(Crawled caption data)
──────

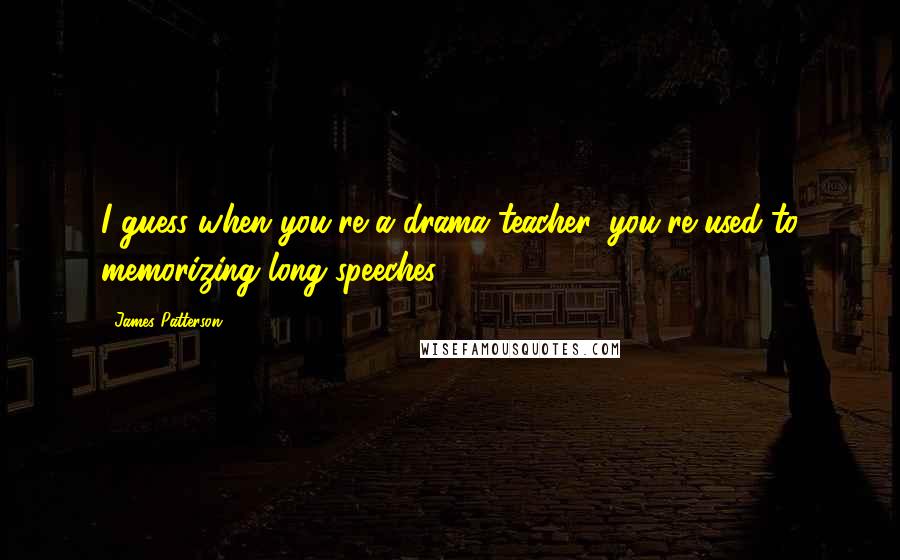 James Patterson Quotes: I guess when you're a drama teacher, you're used to memorizing long speeches.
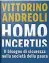  ??  ?? Il volume
● «Homo incertus», pubblicato per Rizzoli, è l’ultimo saggio di Vittorino Andreoli, uno dei più importanti psichiatri italiani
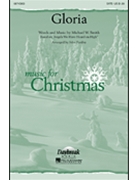 Gloria by Smith Michael - Purifoy John - Michael W. Smith for SAB and Piano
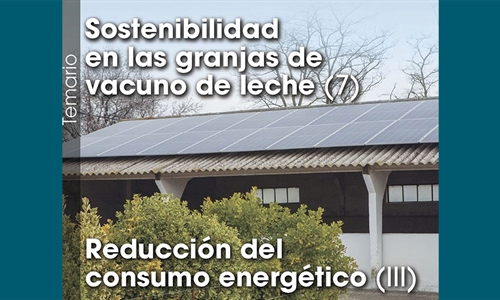 Sostenibilidad  en las granjas de  vacuno de leche (7): Reducci�n del...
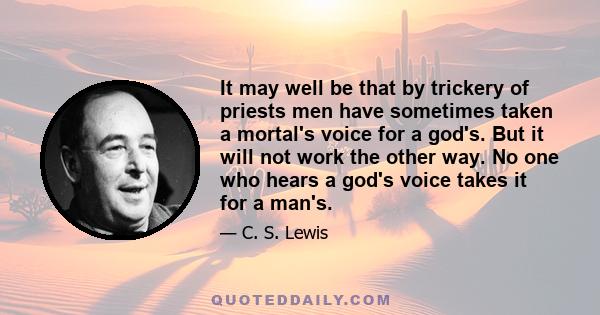 It may well be that by trickery of priests men have sometimes taken a mortal's voice for a god's. But it will not work the other way. No one who hears a god's voice takes it for a man's.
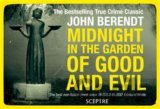 Midnight in the Garden of Good and Evil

──────

(WHAT IS BEING ASKED): All of the records above are to be written out exactly, minus their images.

(TASK RESPONSE):
 James Patterson Quotes: I guess when you're a drama teacher, you're used to memorizing long speeches.
  ??  ?? Il volume
● «Homo incertus», pubblicato per Rizzoli, è l’ultimo saggio di Vittorino Andreoli, uno dei più importanti psichiatri italiani
 Gloria by Smith Michael - Purifoy John - Michael W. Smith for SAB and Piano
 Sostenibilidad  en las granjas de  vacuno de leche (7): Reducci�n del...
 It may well be that by trickery of priests men have sometimes taken a mortal's voice for a god's. But it will not work the other way. No one who hears a god's voice takes it for a man's.
 Midnight in the Garden of Good and Evil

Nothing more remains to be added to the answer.